Comparison of classification performance between DectICO and RSVM based on the ICO with the IBD dataset. The solid lines with the square tags represent the classification performance of DectICO, while the dotted lines with the triangular tags correspond to the RSVM-based method. The framework of this figure is the same as Fig. 2

Table 5 P-values of paired t-test for the 20 groups of LOOCV accuracies between DectICO and the RSVM-based method

The stability and generality of DectICO were also compared with RSVM using our stability test and generality test. Table 6 presents the LOOCV accuracy standard deviations for the 20 classifiers using out stability test and the F1-measure standard deviations for the 20 testing sets using our generality test for DectICO and the RSVM-based method.
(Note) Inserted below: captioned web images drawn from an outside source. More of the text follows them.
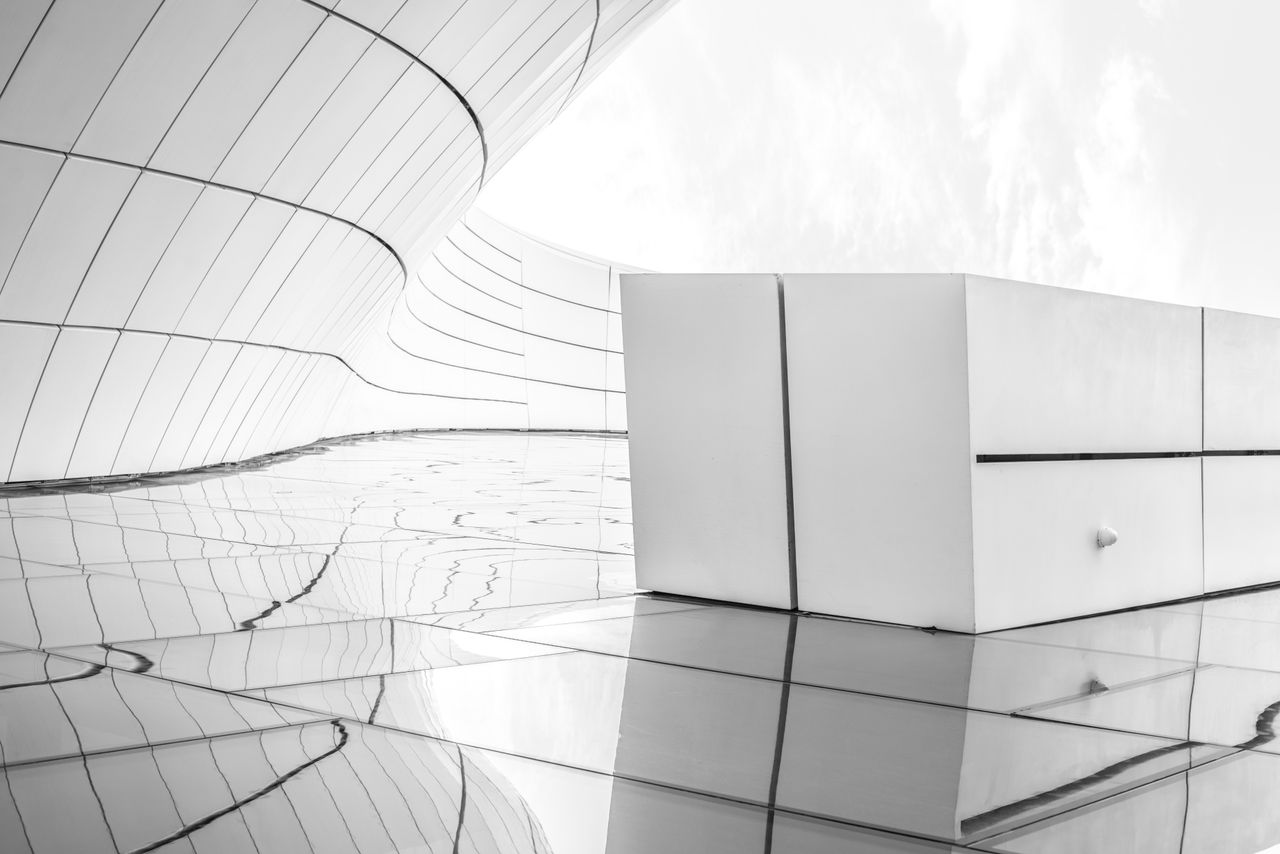services-bg Sleek futuristic architecture in black and white with reflective surfaces.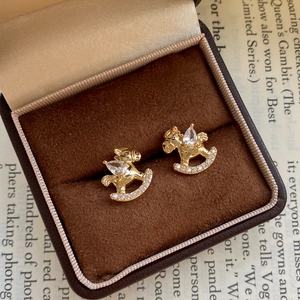Detail of gold-plated rocking horse earrings with cubic zirconia on a velvet display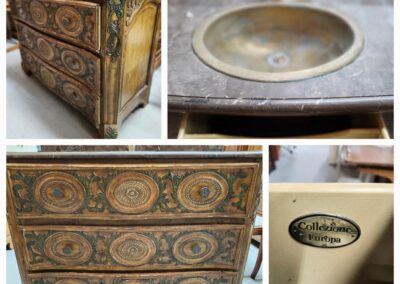 Ornate wooden dresser with integrated sink.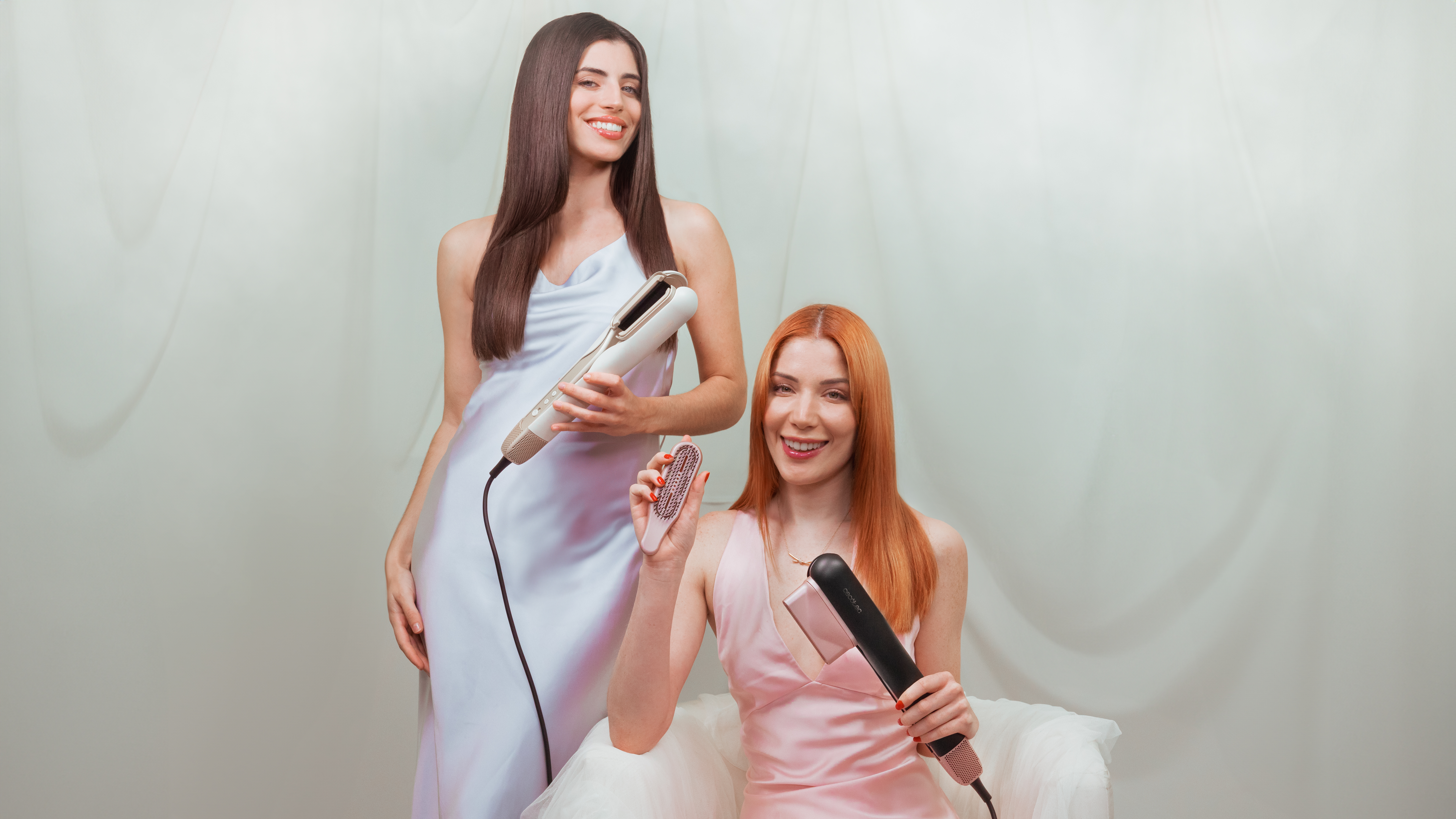 Dos mujeres sonriendo, sosteniendo herramientas para peinar el cabello. Una con vestido blanco, otra con vestido rosa.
The results in Table 6 only correspond to the IBD dataset; results for the asthma and T2D metagenomic datasets are shown in the Additional file 1 (Table S4 and S5).

Table 6 Comparison of the stability and generality between DectICO and the RSVM/ICO

The LOOCV accuracy standard deviations for the 20 classifiers trained by DectICO are smaller than those for the RSVM-based method in general (Table 6), indicating that the performance of the classifiers trained by DectICO are more similar to each other than those by RSVM. Furthermore, the standard deviations of our method for 6-mers, 7-mers, and 8-mers range from 0.027 to 0.041 (Table 6, S3 and S4); however, the standard deviations corresponding to the RSVM-based method range from 0.057 to 0.09. Therefore, these results demonstrate that DectICO is more stable than RSVM, especially for long oligonucleotides. Similar situations occur in comparisons of generality between the two classification methods; DectICO outperforms RSVM again. However, the superiority of our method is not as significant as the stability, because the standard deviations of the RSVM-based method in our generality test are smaller than in the stability test, ranging from 0.022 to 0.059 (Table 6, Additional file 1: Table S3 and S4).

In summary, experimental results demonstrate that DectICO classifies metagenomic samples more accurately than the RSVM-based method with a set of completely labeled samples as training set, both with low and deep sequence depth metagenomic datasets. Additionally, our method is more stable and more generalized than the RSVM-based method.

Conclusion

The alignment-free supervised classification method DectICO can accurately classify metagenomic samples without dependence on known microbial genomes. Selecting the ICO dynamically offers better stability and generality compared with sequence-composition-based classification algorithms. However, the metagenomic sample information obtained by the sequence features is limited. Subsequent work will focus on finding a hybrid feature combining sequence and functional features, also selected by kpls. Such a classification method is expected to have even better classification performance.